Lalu mengapa ada saja sebagian manusia yang terjebak dengan cara pandang instant ini, jawabannya bisa jadi karena lupa akan hakikat bahwa pada dasarnya kita berhutang pada Tuhan atas segala nikmat yang telah diberikan. Nikmat-nikmat ini bisa diwujudkan dalam bentuk apa saja, seperti kesehatan, fasilitas keduniaan, atau yang sering kita dengar sebagai nikmat terbesar adalah nikmat Iman dan Islam. Nikmat yang tak terhitung inilah yang harus kita 'lunasi' dalam bentuk ibadah yang tulus. Bahkan dalam bukunya, Vision Of Islam, Sachiko Murata dan William. C. Chittick, menjelaskan arti turunan dari kata 'DIN' yaitu hutang. Hal ini menguatkan bahwa agama pada dasarnya membantu para manusia untuk melunasi hutangnya atau dengan kata lain agama berisi panduan untuk melaksanakan peribadatan yang tulus.

Alasan lain yang bisa membuat adanya ketidaktulusan adalah adanya cara pandang akan 'kesaktian' itu sendiri. Kesaktian dianggap sebagai bukti 'instan' dari keshalehan itu sendiri, atau bahkan bisa lebih parah lagi, bahwa kesaktian lebih berharga daripada keshelehan itu sendiri. Karena dianggap lebih berharga, maka lebih layak diutamakan. Cara pandang ini akan lebih gawat lagi efeknya, karena lama-kelamaan tak ada lagi ketulusan, tak ada lagi keinginan untuk mengungkapkan terima kasih pada Tuhan. Padahal lupa berterima kasih adalah arti awal dari kata Kufur.

Pola hubungan kita dengan Tuhan, atau cara pandang kita akan Agama tentu saja akan mempengaruhi pola hubungan kita dengan sesama atau cara pandang kita akan kehidupan sehari-hari. Tak jarang kita akan menemukan hal yang nyaris serupa, yaitu tidak sedikit anggota masyarakat yang membeli suatu produk bukan karena butuh akan produk itu sendiri, melainkan tertarik akan hadiah yang ditawarkan. Tidak sedikit orang yang menyimpan dananya di bank bukan untuk kepentingan kemudahan transaksi dan keamanan, tapi karena tertarik dengan bunganya (yang notabene memberatkan peminjam dana dari bank). Tidak sedikit orang tertipu dengan undian behadiah, karena merasa layak mendapatkannya sekalipun tidak menggunakan produk tertentu secara rutin.

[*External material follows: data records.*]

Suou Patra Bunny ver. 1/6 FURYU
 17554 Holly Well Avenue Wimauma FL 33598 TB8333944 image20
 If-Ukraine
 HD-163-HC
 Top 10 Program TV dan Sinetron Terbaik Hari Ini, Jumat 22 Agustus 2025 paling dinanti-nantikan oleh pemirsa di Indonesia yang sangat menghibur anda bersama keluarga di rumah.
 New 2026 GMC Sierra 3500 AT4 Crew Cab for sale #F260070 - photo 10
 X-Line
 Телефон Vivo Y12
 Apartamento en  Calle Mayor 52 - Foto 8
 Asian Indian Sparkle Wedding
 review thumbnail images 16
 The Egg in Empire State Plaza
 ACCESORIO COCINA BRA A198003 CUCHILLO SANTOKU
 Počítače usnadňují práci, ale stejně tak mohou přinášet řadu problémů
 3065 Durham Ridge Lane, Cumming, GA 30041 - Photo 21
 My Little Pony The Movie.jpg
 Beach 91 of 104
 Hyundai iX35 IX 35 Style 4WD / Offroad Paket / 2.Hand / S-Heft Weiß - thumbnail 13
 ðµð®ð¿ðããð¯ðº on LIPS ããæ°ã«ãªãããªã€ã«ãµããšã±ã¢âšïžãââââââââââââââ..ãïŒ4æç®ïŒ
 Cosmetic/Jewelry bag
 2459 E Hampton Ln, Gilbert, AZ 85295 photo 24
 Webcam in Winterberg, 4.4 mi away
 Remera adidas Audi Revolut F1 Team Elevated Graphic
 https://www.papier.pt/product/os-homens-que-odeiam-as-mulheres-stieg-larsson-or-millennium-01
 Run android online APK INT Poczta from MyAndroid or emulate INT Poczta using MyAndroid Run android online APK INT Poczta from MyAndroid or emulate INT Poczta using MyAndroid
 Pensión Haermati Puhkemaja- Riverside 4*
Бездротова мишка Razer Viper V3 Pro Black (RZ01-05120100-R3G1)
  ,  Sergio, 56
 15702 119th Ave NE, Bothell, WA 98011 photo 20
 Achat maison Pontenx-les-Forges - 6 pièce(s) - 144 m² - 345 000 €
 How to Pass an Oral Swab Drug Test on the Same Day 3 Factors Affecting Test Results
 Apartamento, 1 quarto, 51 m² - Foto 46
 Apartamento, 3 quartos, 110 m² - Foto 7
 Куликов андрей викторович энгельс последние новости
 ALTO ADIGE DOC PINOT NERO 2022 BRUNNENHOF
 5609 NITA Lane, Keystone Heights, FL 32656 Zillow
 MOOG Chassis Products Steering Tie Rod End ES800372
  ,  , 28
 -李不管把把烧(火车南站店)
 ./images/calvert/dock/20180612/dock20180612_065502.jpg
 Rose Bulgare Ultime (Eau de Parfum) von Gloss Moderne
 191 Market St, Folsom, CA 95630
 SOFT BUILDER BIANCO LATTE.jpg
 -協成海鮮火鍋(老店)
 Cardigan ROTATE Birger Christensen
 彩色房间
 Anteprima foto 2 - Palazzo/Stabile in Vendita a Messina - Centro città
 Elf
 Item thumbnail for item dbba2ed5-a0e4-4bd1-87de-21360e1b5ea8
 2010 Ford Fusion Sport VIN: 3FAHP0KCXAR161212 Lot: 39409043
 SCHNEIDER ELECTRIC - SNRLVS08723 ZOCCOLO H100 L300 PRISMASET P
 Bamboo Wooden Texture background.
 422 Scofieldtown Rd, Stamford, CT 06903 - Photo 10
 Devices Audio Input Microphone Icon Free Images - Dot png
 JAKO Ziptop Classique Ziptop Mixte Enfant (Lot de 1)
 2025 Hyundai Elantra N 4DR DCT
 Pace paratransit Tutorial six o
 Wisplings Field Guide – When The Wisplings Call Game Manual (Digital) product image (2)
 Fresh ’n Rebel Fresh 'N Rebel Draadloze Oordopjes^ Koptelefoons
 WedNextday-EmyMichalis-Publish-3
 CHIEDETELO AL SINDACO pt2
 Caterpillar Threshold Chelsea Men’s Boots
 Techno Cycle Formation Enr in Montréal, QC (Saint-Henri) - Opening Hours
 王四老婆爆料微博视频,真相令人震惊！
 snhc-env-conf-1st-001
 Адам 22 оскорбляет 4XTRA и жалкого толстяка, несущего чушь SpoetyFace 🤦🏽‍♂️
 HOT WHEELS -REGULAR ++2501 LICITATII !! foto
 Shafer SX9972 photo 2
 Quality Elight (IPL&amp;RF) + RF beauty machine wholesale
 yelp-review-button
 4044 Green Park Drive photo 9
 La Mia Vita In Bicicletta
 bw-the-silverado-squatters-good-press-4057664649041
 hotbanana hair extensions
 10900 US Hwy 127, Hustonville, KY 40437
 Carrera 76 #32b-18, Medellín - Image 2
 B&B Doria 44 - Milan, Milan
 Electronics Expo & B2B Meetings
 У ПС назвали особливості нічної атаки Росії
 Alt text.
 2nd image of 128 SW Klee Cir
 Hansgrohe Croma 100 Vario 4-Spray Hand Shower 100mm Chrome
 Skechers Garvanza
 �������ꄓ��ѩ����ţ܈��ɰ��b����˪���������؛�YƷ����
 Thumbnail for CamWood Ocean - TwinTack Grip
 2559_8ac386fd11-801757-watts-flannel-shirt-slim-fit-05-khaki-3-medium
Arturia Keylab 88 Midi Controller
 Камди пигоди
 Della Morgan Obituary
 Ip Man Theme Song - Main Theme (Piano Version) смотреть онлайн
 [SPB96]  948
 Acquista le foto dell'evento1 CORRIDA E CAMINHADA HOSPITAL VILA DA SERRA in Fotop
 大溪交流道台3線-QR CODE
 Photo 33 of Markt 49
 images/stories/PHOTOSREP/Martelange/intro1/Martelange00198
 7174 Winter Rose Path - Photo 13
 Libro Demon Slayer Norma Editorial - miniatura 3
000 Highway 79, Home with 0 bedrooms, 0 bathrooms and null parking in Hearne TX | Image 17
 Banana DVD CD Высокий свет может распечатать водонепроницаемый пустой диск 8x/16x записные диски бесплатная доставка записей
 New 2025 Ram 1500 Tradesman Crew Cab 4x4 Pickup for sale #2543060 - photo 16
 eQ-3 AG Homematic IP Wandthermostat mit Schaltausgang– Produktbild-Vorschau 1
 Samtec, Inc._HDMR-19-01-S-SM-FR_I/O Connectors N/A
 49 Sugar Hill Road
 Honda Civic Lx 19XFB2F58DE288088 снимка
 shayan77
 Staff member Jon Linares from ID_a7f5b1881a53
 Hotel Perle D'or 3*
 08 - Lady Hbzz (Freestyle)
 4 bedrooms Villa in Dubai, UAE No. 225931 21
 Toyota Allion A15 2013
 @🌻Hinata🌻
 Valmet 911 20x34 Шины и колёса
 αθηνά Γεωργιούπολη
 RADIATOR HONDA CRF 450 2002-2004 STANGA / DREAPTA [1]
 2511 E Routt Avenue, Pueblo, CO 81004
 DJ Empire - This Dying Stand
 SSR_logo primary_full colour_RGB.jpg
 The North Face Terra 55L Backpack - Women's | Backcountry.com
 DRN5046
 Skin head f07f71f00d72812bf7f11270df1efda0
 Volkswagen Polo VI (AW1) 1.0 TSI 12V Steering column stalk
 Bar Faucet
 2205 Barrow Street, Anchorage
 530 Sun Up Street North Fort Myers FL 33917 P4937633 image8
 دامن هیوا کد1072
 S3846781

Atau bahkan tidak sedikit dari sebagian masyarakat tidak peduli dengan isi iklan sebuat iklan televisi, tapi lebih memperhatikan seperti apa pose model iklan tersebut.

Entahlah, ketika penganut persepsi hidup "lebih mementingkan 'bonus'", semakin menjamur, maka akan semakin sulit untuk melepaskannya, karena ketika suatu kesalahan telah dilkukan secara kolektif, maka salah satu fungsi masyarakat sebagai kontrol sosial akan semakin sulit dilakukan, hal ini dikarenakan tak ada lagi yang merasa ada kesalahan yang terjadi. Bukan lagi masyarakat konsumtif, tapi benar-benar masyarakat yang tak lagi tahu mana yang utama atau mana yang tambahan. "Bonus" seharusnya bukan tujuan utama.